HTML

This reading accompanies Chapter 2 of your book. That chapter does a nice job of introducing bits of HTML as needed. Read that first and feel free to work through their presentation. Here's an organized summary of what we learned, plus a bit more.

If you don't have Chapter 2, here's a link to a copy of a scan of the chapter. To respect the author's copyright, the link is only valid on-campus or with a password. Ask Scott if you don't have that password.

FEWD Chapter 2

Languages

We learned that web pages are written using three languages

  • HTML, which is the skelton and organs
  • CSS, the skin and clothes. We'll look at that in the next chapter.
  • JavaScript, which defines the behavior. We'll get to that later.

HTML template

Our basic page had the following template:

<!doctype html>
<html>
    <head>
        <meta charset="utf-8">
        <title>Ottergram</title>
    </head>
    <body>
        <header>
            <h1>Ottergram</h1>
        </header>
    </body>
</html>

Tags

We learned the following tags. Look at W3Schools or MDN to learn more.

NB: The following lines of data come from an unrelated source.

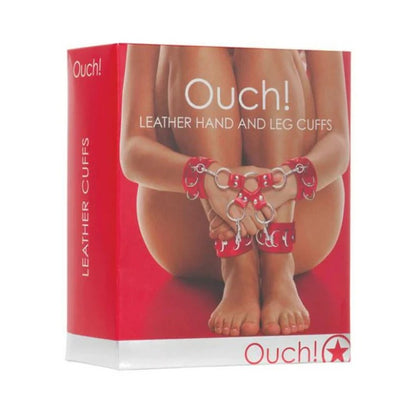 Ouch Leather Hand and Leg Cuffs Red Shots America Toys - Fetish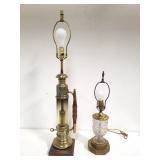 Pair of brass table lamps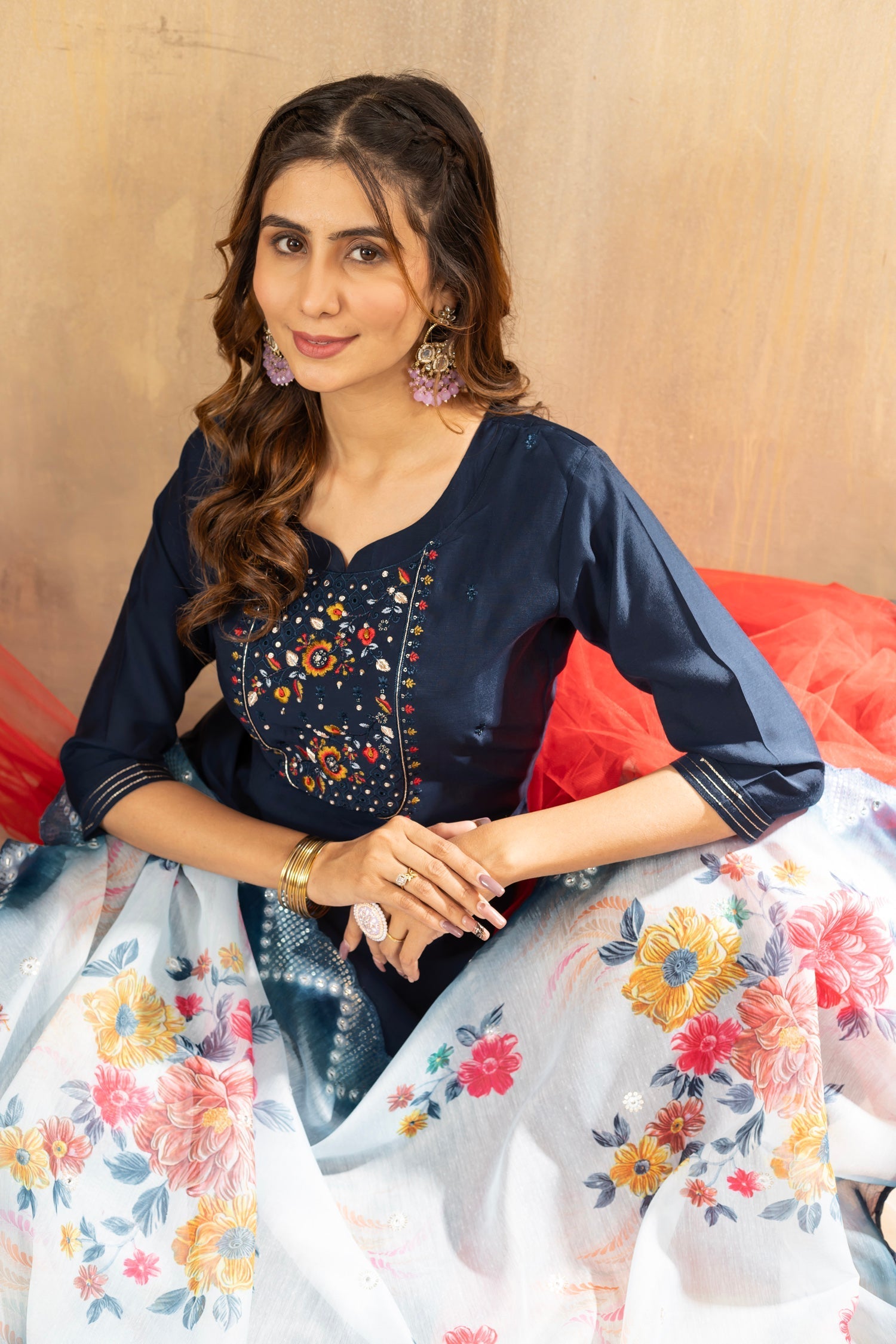 Lorenvalley Fashion Blue Viscose mango silk Multi Embroidery Thread with Hand Work Kurta Pant Dupatta 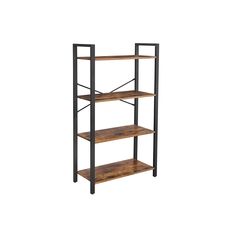 an industrial style shelving unit with three shelves and one shelf on each side, against a white background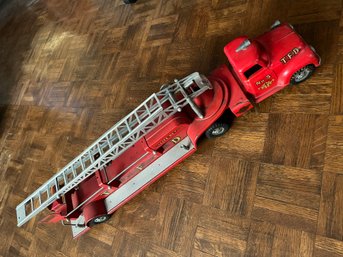 Vintage RARE 1954 Tonka LIFE NET Pressed Steel Fire Truck #5 TFD Aerial Hook & Ladder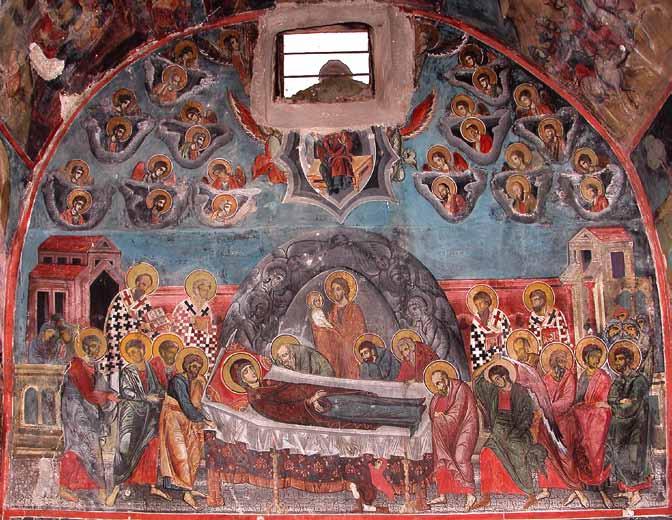 Сл. 13 Успение Богородичино, западен ѕид, наос ангелот кој во рацете го држи осмокракиот (голготски) крст како симбол на победата (сл. 10).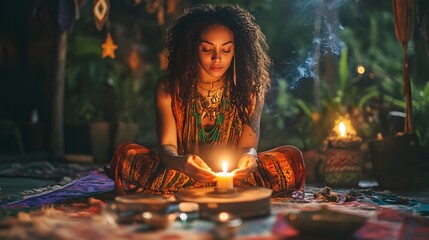 Woman lighting a candle as a symbolic gesture to welcome new beginnings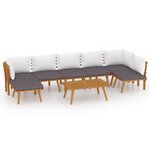 Salon de jardin meuble d'extérieur ensemble de mobilier 8 pièces avec coussins bois d'acacia solide 02_0017488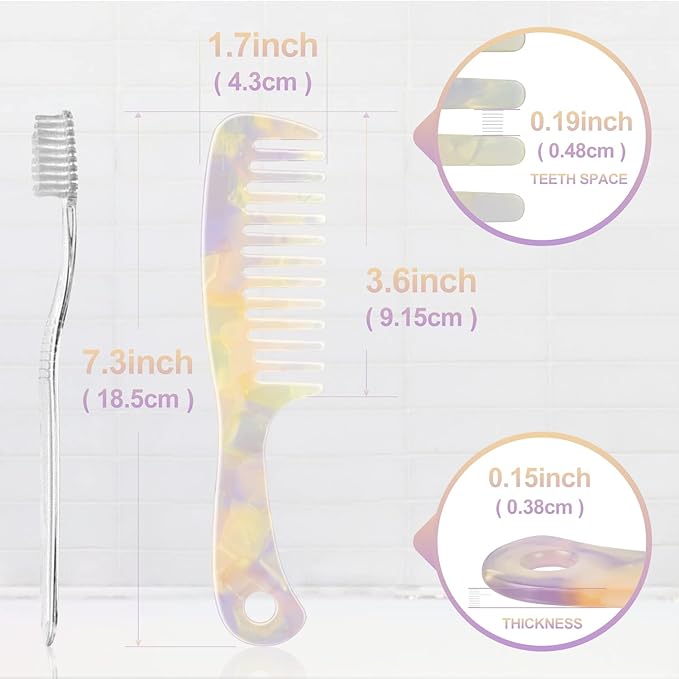 Large Wide Tooth Hair Comb 7.3 in, LADYAMZ [Tortoise Shell] Cellulose Acetate Round Tooth Comb for Straight/Curly Hair,Short/Long Hair Women Men or Kids, Easy Detangling Wet or Dry, Anti-static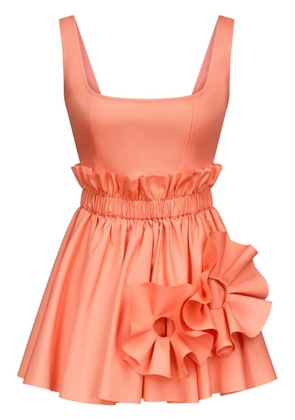 AREA ruffled flower-appliqué mini dress - Pink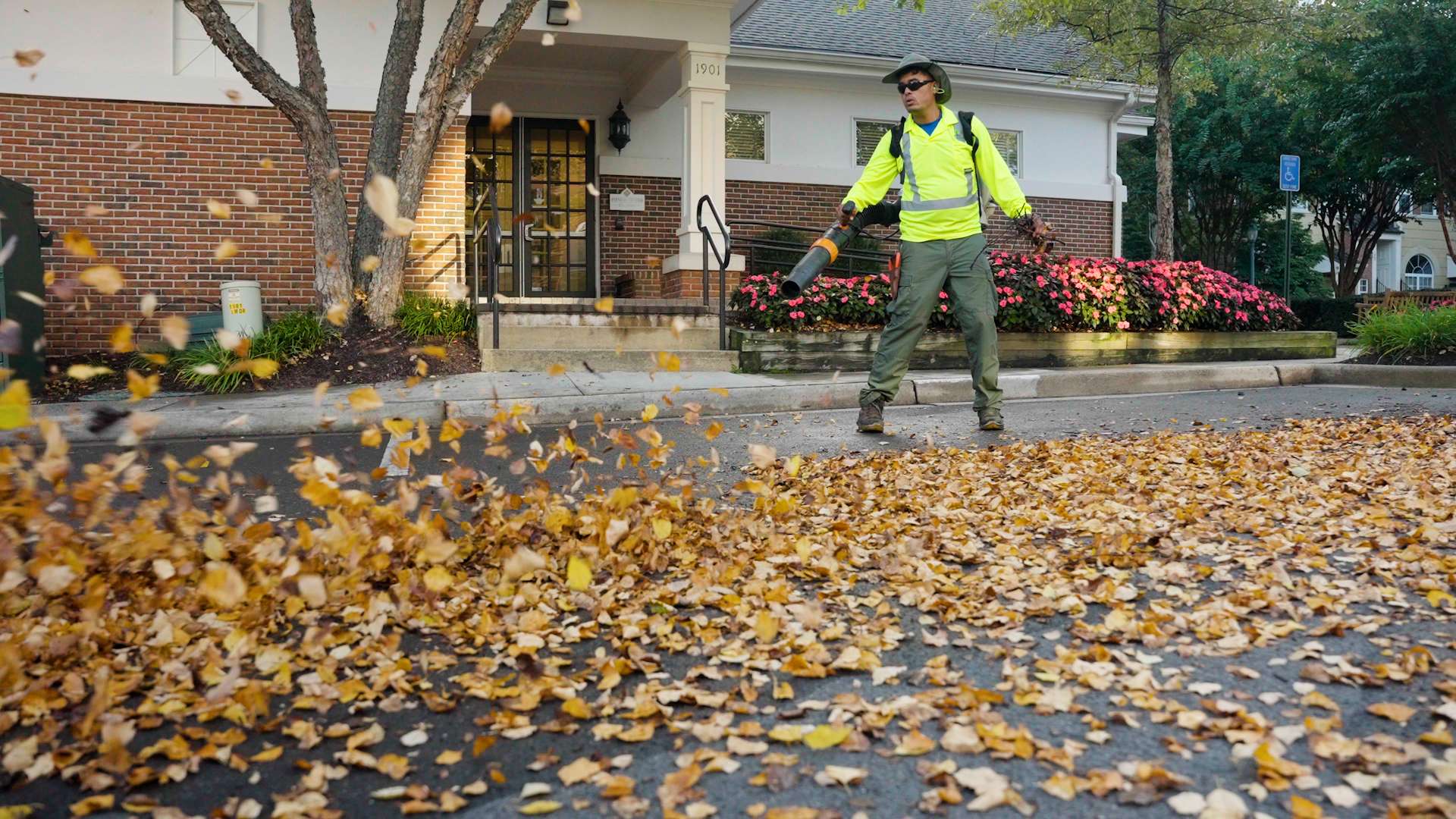 West Market Community Association crew team leaf blowing 2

  • head holds meta information about the document
  • meta tells the browser the character set. More about this much later in the course. We'll always use utf-8
  • title is used for window titles, bookmarks, and is used by search engines. More important than you'd think.
  • body holds all the content
  • header holds headers and related stuff like logos
  • h1 holds the text of a major heading
  • link connects a separate file of CSS rules to an HTML file. The URL of the CSS file is the href attribute.
  • ul is a container for an unordered list (bullet list)
  • li is a container for a list item
  • img is replaced (a replaced element) with an image loaded from a separate file, specified using the src attribute.
  • a demarks a clickable hyperlink

Meaningless Tags

All the tags above have some kind of meaning associated with them. They are for some kind of content. However, HTML also comprises two meaningless tags, span and div. A span demarks some text or other inline information. (Inline content is stuff like text that fills up a line before flowing onto the next line.) A div demarks a big block or division of a document.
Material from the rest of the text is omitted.